Location: Brussels, Centre for Fine Arts / Hall M
Co-production Börsenverein des Deutschen Buchhandels e.V.
By the time the Algerian writer Boualem Sansal was awarded the Peace Prize of the German Book Trade in the autumn of 2011, the elation generated by the Arab Spring had already given way, in at least some Arab countries, to a certain disillusionment. The period has, nonetheless, changed how power is exercised in that part of the world and has led to an increased awareness within society of political issues. Following readings of extracts from his novels, Boualem Sansal and the President of the European Parliament, Martin Schulz, will discuss lost opportunities, the responsibility of Europe, and the prospects for other moves towards democratisation in Arab societies.
The discussion will be moderated by Stephan Detjen of Deutschlandfunk. Alexander Skipis, Director of the German Publishers and Booksellers Association, and Jean-Marie Laclavetine (of Editions Gallimard) will introduce the evening.

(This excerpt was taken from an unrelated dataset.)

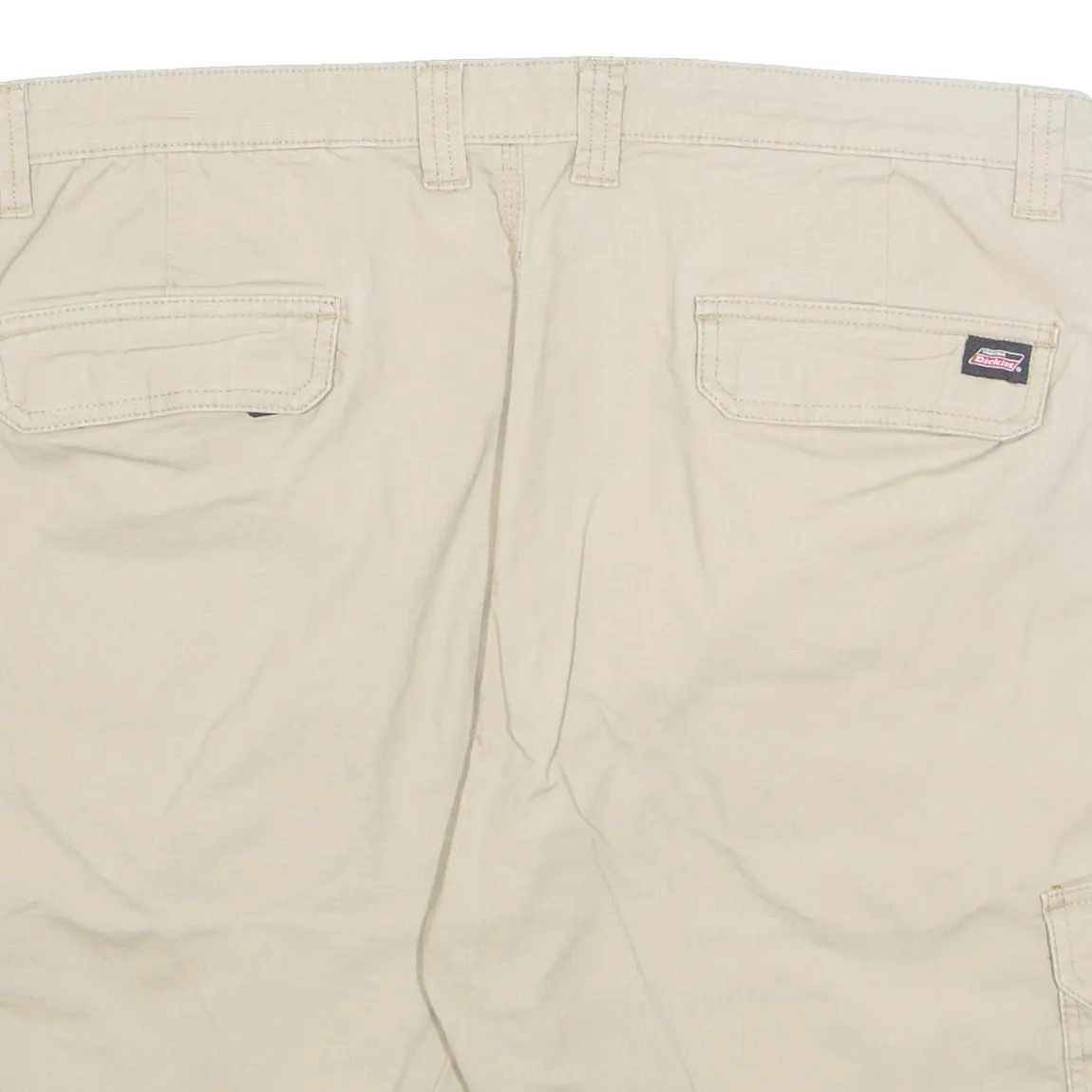 DICKIES Cargo Mens Workwear Shorts Beige L W36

Boualem Sansal (born in 1949) published his first novel with Gallimard in 1999: Le serment des barbares, which deals with corruption and the political situation in Algeria. Following the publication of other critical novels and of an open letter entitled Poste restante : Alger, lettre de colère et d’espoir à mes compatriotes (2006), Sansal was fired from his position as a senior civil servant and his books were banned. His latest novels, Le village de l’Allemand (An Unfinished Business) (2009) and Rue Darwin (2011), have won a number of literary prizes. In 2011 he was awarded the Peace Prize of the German Book Trade; the jury hailed him as “one of the few remaining intellectuals in Algeria who continue to voice criticism of political and social conditions in that country”.